Teardown – Early Access Preview

Voxels are cool. That is just an unassailable fact, and every scene of volume elements carries a special feel to it, invoking the atmosphere with simplicity, yet embodying the playfulness of pixel art. Often accompanied by depth of field effects in mimicry of tilt-shift photography, these lovely boxy dioramas straddle the line between retro and modern. 

A few years ago, a video of a voxel environment captured the imagination of many, as it showed the world collapsing as it was damaged, with an additionally intriguing premise of a heist. It seemed to disappear in the ensuing maelstrom of whatever the past year had been, and was all but forgotten.

Teardown - Early Access Preview

Late into the hours of the 29th of October 2020, a tweet shot out into the silence of the night with news that Teardown was now available through Early Access on Steam. Seconds later, it was downloading.

In a year where every vestige of the ordinary had disappeared, including the way we mark the transitions of week to week and month to month, news of the release came as a welcome surprise. Much like the joy of a chocolate bar in a Christmas stocking — and you know that season is on its way that feels positively archaic, yet even Burtonesque in this nightmare of a year — there was Teardown. It wasn’t on a list.

Teardown - Early Access Preview

Yet if there was a game made to encompass persisting through 2020, it is this. Sure, the early months of lockdown and a new surreal way of existing required the escapism of an idyllic, unspoiled island by way of Animal Crossing: New Horizons, but as those hours gave way to an emptiness, the dream stayed dreamlike and provided no long-lasting respite from this jittered existence. 
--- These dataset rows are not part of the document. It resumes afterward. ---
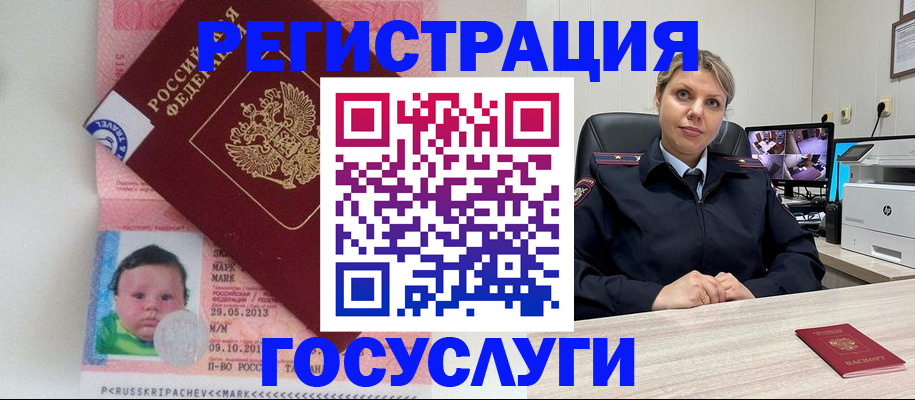 миграционный учет в Донецке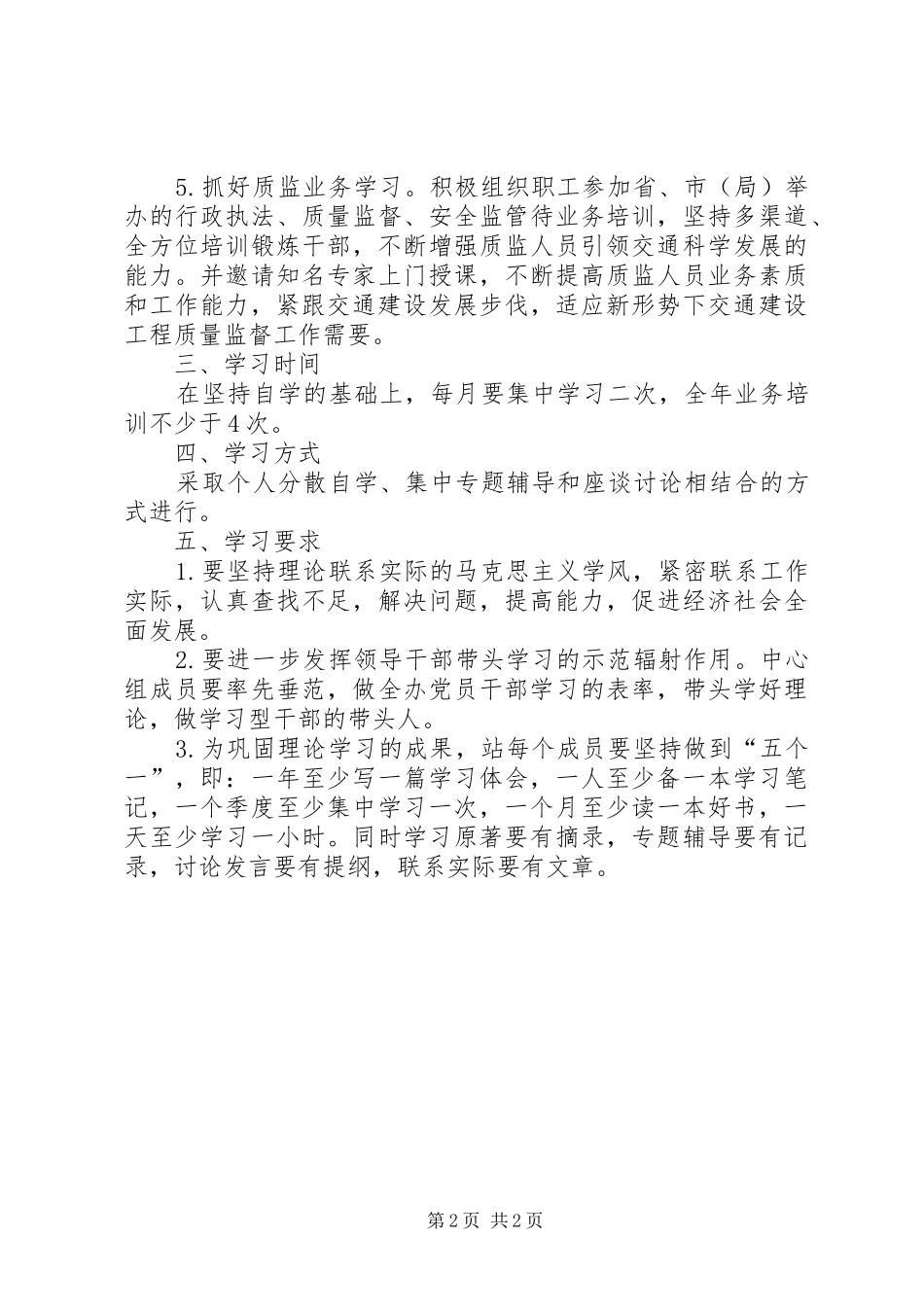 交通质监站年度学习计划_第2页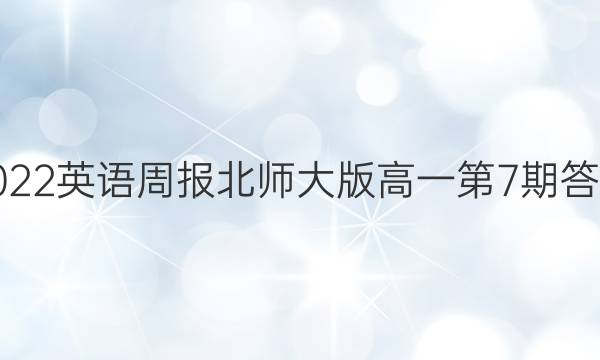 2022英语周报北师大版高一第7期答案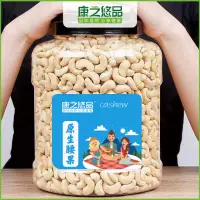 在飛比找蝦皮購物優惠-2件8折 新貨越南原味腰果500g/1000g/50g含罐大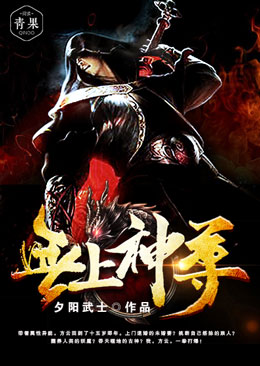 無上神尊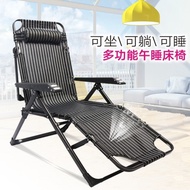 【AOTTO】多功能摺疊可平躺透氣床椅 躺椅
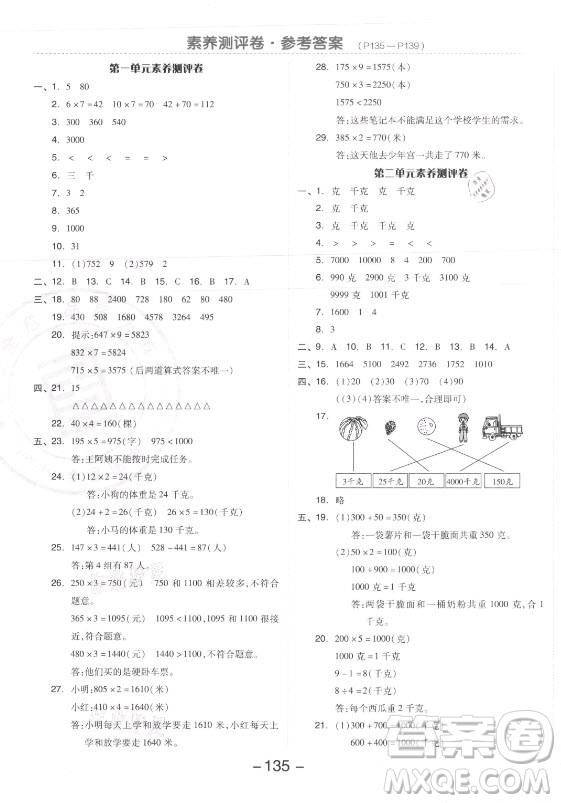 開明出版社2021全品學(xué)練考數(shù)學(xué)三年級(jí)上冊(cè)SJ蘇教版答案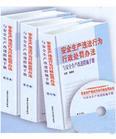 安全生產(chǎn)違法行為行政處罰辦法與責(zé)任追究全書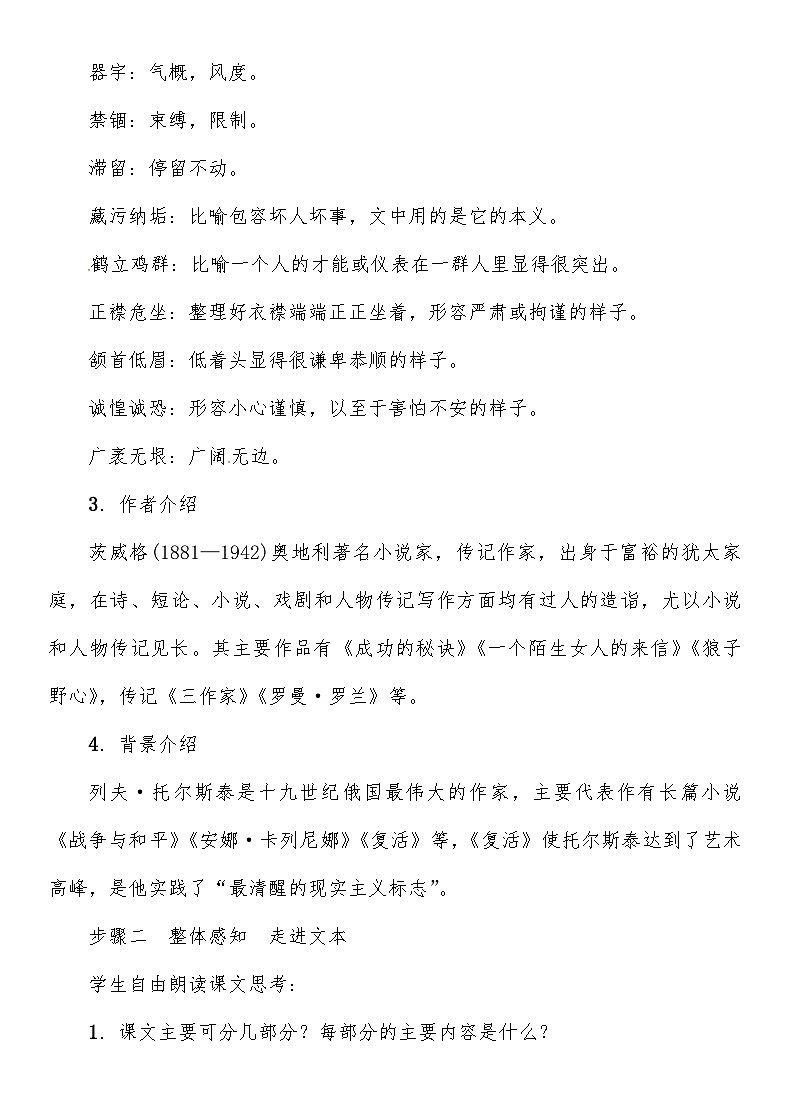 人教部编版语文八年级上册 列夫•托尔斯泰 教案02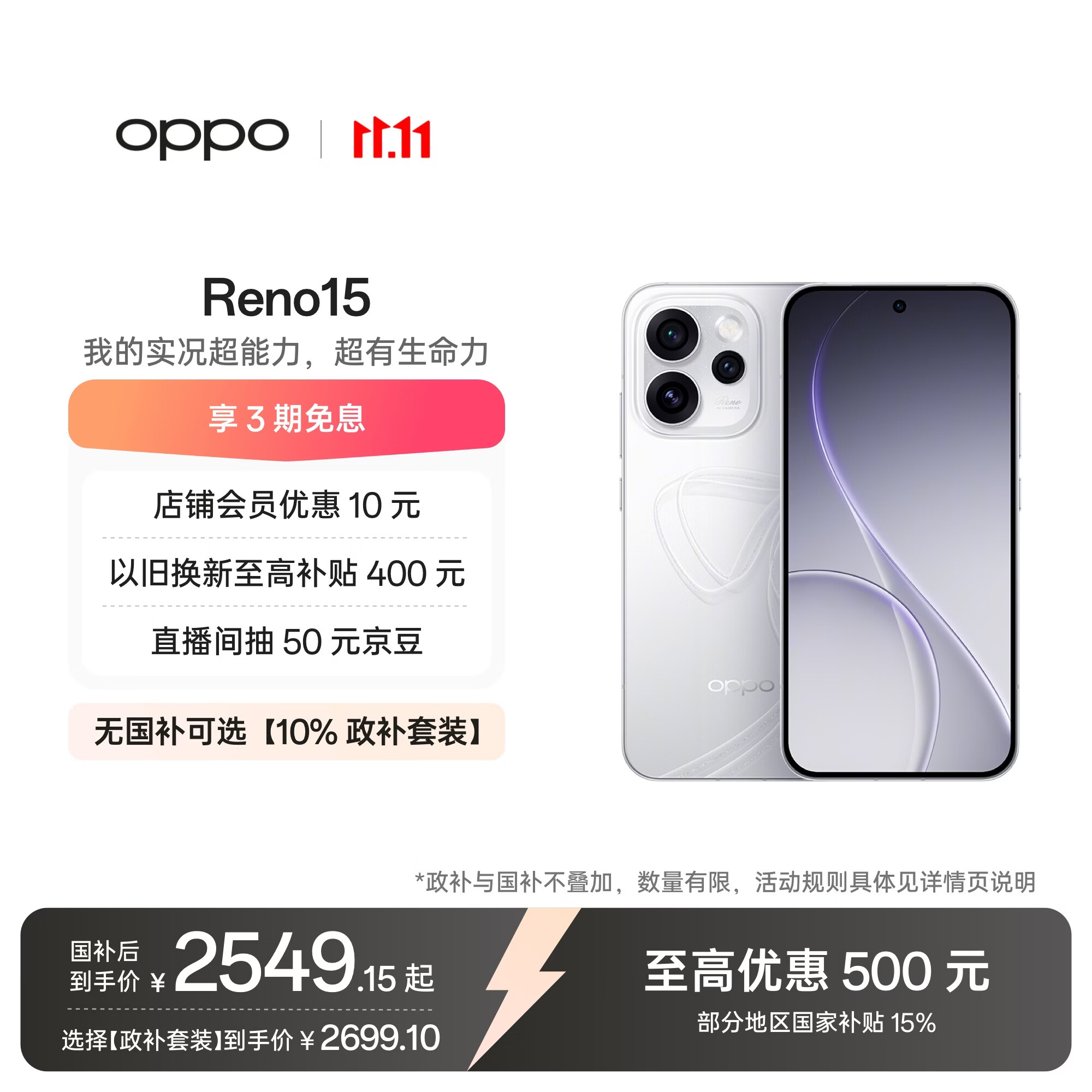OPPO Reno15 12GB+256GB 星光蝴蝶结 2亿像素 实况拼图 5G智能小直屏学生游戏AI拍照手机 新品国家补贴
Teardown may not deliver an escape, but it’s extremely cathartic to take a sledgehammer to a wall, and have it crumble with every smash. It’s also tremendously satisfying to cut through metal with a blowtorch and have it fall away in one neat piece. Every disconnected piece reacts to the physics system.

Teardown - Early Access Preview

The voxel style is more than just an aesthetic, and its design subsumes the concept of its reality being made from those elements and treats them as the building blocks of the universe, subject to the same forces and limits as their real-world counterparts. Cut or break the supports of a structure, and it comes toppling down. Crash a vehicle into a wall, and if you’re fast enough, it will buckle. 

Rather than just a sandbox of destruction, Teardown has a campaign where you conduct a series of demolitions and heists. A number of the missions have alarms rigged to objectives, which start a sixty-second countdown to escape with all objectives complete. A huge part of the campaign then is strategically demolishing a path through the area so you can make it out on time. You do also have the ability to save the game as you go, meaning if you’re not 100% sure you can execute your plan in time, you can make an attempt and load if it all goes to pieces. Appropriately heisty music accompanies the campaign levels, but there is at least a mix between missions with a rapid escape requirement, and a nice sauntered smash fest.

Teardown - Early Access Preview

The sandbox mode lets you wreak havoc on a number of the campaign locations, while an additional create mode lets you poke at some additional environments, including custom locations created in MagicaVoxel. 

As an early access game, it’s expected there will be more to come to Teardown over its journey to a full-fledged release, with mention of modding tools and a more adept creator mode, but even in its current state, the game feels like the exhalation we’ve all been yearning for.